◆ What you should do: Only the lines from the one that contains "Bracelet Wrist Lying" to the last line below, both included, should be transcribed. Pictures stay out of the copy.

◆ Data block:
★ ★ ★

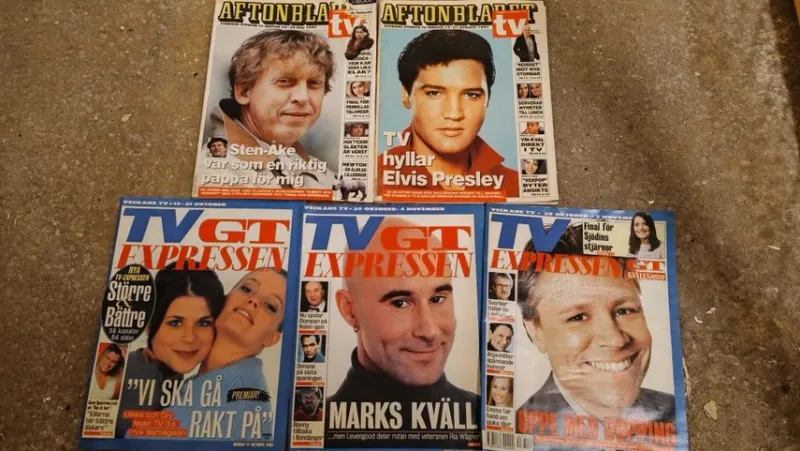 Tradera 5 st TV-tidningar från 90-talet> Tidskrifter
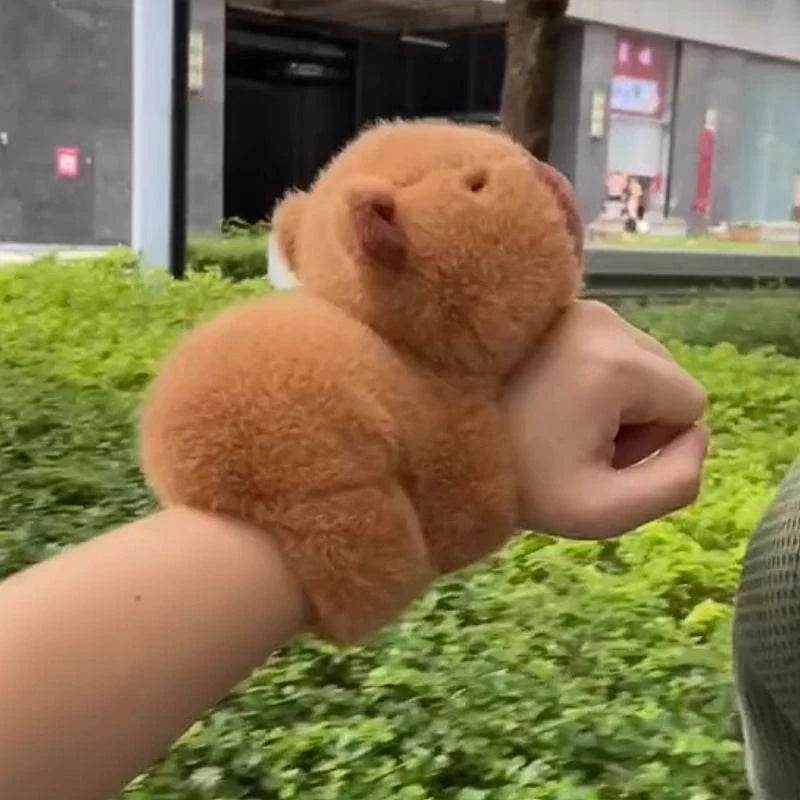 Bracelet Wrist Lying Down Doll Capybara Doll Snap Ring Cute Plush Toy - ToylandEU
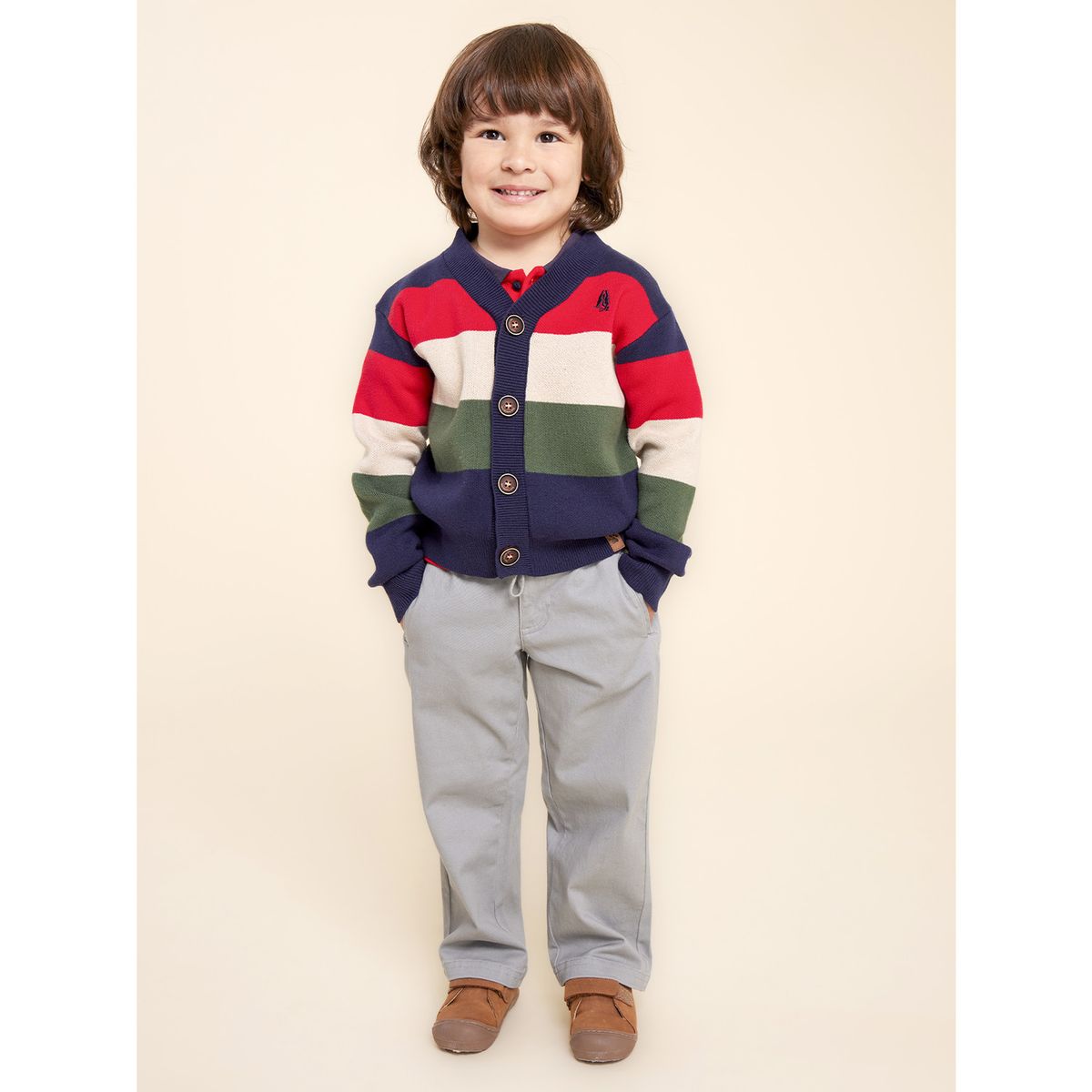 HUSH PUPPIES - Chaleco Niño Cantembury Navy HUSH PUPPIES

★ ★ ★

◆ Written solution:
 Bracelet Wrist Lying Down Doll Capybara Doll Snap Ring Cute Plush Toy - ToylandEU
 HUSH PUPPIES - Chaleco Niño Cantembury Navy HUSH PUPPIES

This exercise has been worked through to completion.